Two lines mark the range in the entries below: the one holding "Melange Wool Felt Wide Brim Hat" and the one holding "IKEA Queen Size". Set down those two and all lines between them, exactly.

- Opening Delimiter -

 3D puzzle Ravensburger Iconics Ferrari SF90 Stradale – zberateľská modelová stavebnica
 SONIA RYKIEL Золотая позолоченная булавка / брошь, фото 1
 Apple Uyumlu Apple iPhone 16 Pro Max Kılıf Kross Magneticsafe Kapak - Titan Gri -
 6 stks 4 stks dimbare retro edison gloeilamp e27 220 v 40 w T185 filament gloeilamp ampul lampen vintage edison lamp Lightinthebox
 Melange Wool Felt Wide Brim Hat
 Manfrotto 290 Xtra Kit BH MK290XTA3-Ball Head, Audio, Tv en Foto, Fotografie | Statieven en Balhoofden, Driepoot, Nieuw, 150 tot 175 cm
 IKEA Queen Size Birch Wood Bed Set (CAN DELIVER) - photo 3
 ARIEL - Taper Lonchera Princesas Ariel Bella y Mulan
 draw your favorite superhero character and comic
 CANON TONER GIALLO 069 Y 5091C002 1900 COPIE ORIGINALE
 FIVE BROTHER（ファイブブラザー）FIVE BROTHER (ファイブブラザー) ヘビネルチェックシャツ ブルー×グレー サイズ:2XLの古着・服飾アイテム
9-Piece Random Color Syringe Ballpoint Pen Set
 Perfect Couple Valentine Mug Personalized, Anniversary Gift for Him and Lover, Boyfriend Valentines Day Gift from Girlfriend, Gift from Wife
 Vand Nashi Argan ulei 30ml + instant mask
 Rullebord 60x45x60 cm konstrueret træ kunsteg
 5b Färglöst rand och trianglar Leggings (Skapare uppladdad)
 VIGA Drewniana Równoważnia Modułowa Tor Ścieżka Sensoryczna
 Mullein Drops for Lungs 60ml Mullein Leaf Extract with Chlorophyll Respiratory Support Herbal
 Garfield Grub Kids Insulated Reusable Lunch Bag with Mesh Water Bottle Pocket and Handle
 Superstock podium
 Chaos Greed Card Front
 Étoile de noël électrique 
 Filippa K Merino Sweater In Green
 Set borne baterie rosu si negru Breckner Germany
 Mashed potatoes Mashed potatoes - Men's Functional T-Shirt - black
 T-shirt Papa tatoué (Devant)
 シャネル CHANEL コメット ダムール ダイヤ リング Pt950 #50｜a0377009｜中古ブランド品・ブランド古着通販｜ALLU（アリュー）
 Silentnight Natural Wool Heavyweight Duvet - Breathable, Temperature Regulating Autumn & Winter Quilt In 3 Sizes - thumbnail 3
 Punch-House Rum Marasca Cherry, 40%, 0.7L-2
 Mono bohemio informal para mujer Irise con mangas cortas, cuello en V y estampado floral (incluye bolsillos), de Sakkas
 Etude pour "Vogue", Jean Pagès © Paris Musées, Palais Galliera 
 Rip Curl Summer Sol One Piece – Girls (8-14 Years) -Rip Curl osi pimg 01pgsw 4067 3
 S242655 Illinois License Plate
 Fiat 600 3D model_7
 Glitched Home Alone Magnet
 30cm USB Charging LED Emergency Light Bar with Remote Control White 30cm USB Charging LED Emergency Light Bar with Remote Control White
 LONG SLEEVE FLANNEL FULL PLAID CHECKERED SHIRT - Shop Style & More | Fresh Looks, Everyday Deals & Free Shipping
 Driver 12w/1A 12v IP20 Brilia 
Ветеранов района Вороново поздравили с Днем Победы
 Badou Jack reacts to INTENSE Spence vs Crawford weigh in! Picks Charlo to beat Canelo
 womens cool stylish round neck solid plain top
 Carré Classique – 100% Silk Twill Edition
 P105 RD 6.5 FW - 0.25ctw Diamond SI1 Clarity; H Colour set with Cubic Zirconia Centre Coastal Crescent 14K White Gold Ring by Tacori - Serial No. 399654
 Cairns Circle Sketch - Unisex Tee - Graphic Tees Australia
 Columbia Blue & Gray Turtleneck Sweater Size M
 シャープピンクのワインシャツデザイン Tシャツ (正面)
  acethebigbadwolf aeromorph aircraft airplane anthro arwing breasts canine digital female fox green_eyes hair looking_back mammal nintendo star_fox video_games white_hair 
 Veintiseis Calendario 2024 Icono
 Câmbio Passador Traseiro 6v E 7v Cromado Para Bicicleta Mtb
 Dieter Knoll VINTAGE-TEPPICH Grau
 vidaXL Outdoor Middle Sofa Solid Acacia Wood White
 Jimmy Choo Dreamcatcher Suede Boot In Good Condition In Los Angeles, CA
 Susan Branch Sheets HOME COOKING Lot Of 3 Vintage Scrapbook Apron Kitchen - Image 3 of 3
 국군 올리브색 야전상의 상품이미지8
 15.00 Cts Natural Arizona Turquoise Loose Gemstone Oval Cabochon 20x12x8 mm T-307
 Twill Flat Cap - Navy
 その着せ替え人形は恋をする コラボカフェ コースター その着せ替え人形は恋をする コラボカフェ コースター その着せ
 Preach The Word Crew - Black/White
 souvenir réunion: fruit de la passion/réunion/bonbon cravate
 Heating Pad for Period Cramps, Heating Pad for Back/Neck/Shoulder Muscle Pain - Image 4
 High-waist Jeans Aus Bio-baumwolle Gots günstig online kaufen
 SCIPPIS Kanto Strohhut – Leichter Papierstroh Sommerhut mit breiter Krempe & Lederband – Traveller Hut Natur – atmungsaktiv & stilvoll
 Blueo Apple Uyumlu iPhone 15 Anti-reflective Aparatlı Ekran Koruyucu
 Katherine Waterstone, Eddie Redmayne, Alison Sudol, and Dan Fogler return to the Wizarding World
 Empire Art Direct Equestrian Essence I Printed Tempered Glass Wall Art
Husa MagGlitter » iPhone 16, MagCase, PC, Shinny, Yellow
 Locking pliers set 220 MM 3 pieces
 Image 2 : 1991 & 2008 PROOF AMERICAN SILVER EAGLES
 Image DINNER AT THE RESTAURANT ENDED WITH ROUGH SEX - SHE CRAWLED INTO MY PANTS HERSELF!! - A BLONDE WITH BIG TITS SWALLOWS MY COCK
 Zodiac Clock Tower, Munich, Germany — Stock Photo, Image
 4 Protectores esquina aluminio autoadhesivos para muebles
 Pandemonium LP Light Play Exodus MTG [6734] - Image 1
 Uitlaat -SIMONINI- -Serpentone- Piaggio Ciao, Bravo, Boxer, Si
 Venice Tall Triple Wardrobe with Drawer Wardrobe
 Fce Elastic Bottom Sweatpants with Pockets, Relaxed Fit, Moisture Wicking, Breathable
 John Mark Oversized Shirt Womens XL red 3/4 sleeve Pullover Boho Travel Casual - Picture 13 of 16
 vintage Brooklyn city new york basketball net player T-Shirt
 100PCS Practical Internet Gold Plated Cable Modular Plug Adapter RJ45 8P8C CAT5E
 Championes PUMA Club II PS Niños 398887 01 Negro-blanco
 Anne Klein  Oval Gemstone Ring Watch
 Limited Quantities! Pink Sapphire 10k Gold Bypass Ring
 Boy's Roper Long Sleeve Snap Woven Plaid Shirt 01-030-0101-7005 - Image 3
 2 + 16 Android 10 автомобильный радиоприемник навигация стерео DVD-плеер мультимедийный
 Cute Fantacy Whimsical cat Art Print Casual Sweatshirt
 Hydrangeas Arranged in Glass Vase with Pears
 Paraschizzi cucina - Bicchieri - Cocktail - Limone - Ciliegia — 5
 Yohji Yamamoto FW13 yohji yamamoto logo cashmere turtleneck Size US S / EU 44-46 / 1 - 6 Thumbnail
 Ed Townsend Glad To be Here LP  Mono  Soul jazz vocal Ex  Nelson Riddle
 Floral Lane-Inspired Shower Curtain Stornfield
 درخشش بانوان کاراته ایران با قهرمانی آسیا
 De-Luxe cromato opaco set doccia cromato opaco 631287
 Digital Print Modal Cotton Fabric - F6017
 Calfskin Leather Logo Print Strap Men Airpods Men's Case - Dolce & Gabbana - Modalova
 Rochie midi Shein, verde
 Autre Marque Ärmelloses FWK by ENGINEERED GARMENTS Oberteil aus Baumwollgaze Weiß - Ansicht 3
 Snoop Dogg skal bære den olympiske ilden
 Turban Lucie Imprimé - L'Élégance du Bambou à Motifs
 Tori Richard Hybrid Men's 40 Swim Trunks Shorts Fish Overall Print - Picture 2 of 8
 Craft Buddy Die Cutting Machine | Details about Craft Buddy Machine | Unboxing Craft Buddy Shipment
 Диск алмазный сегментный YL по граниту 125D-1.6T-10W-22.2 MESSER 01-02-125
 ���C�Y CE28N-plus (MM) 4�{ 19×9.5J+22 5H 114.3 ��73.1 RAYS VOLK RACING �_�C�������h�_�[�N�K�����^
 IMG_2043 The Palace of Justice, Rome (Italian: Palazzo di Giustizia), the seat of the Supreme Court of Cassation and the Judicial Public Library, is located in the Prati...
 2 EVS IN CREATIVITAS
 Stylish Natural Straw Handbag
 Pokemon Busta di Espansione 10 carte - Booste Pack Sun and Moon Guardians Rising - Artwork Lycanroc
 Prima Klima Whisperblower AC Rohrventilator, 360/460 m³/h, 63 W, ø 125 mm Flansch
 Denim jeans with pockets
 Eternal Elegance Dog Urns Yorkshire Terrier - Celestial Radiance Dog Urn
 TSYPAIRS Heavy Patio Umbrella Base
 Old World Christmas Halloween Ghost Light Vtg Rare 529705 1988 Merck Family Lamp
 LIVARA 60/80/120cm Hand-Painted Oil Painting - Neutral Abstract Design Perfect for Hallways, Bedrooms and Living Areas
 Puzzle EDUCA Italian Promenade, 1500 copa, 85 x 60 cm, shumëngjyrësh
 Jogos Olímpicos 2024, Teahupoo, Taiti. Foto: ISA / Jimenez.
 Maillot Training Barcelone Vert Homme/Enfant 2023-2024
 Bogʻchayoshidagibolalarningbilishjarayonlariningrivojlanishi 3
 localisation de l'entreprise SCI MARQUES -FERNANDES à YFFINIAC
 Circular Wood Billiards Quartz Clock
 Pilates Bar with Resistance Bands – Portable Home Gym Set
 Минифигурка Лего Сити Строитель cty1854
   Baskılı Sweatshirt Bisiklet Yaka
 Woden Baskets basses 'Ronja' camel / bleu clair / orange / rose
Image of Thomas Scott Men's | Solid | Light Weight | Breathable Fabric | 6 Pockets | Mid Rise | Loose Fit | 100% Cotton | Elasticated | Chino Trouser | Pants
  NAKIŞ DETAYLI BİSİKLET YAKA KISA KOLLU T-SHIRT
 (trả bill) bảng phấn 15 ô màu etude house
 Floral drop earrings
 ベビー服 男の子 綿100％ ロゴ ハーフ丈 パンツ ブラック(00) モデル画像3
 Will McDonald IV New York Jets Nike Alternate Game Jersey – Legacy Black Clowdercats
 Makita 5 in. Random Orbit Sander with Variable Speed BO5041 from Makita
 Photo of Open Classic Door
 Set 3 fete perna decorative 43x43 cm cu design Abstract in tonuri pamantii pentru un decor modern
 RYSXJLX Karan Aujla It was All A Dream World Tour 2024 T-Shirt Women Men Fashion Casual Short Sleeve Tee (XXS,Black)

- Closing Delimiter -

→ Written answer
 Melange Wool Felt Wide Brim Hat
 Manfrotto 290 Xtra Kit BH MK290XTA3-Ball Head, Audio, Tv en Foto, Fotografie | Statieven en Balhoofden, Driepoot, Nieuw, 150 tot 175 cm
 IKEA Queen Size Birch Wood Bed Set (CAN DELIVER) - photo 3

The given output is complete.